• _INFORMATION SUPPLIED_:
○ ○ ○ ○

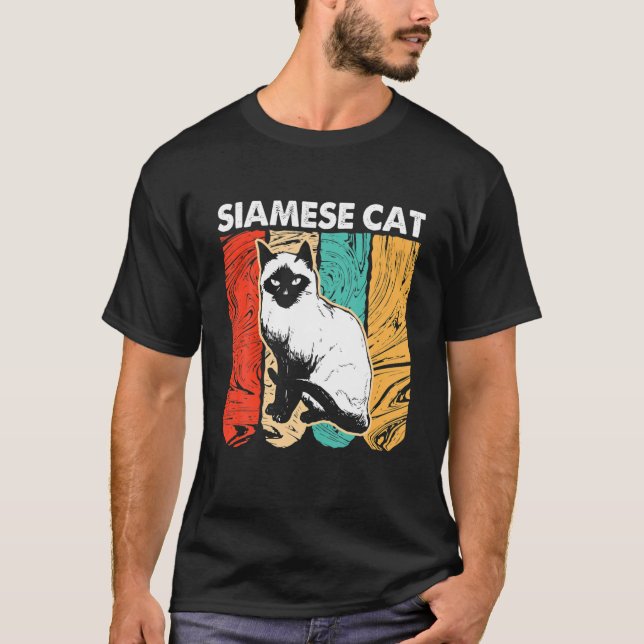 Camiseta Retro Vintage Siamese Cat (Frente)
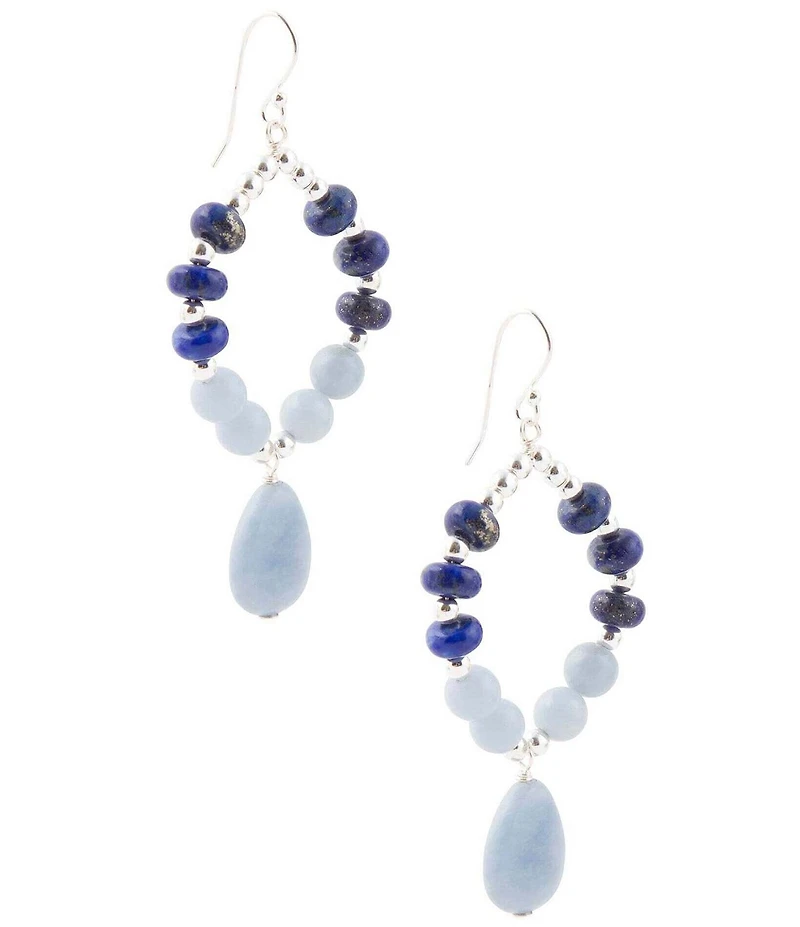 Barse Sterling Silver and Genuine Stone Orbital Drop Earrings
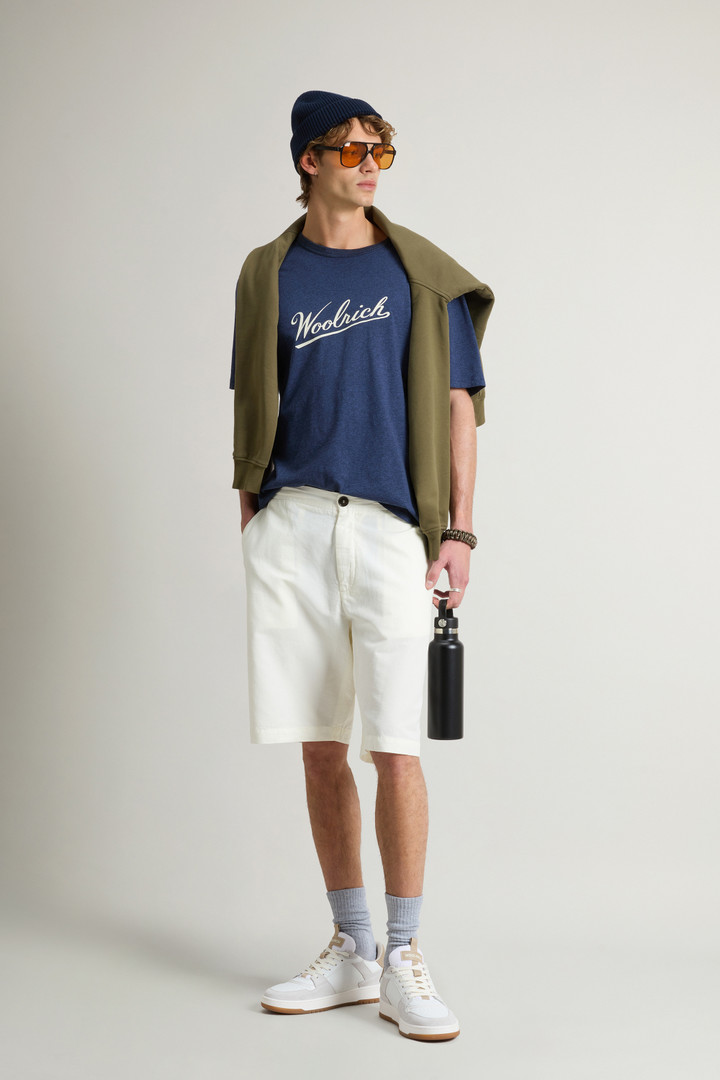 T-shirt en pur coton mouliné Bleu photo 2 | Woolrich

○ ○ ○ ○

• _WHAT YOU NEED TO DO_:
Restate the lines above exactly, from the one bearing "Barse Sterling Silver" through the final line of the material, both included, omitting pictures.

• _PROBLEM SOLUTION_:
 Barse Sterling Silver and Genuine Stone Orbital Drop Earrings
 T-shirt en pur coton mouliné Bleu photo 2 | Woolrich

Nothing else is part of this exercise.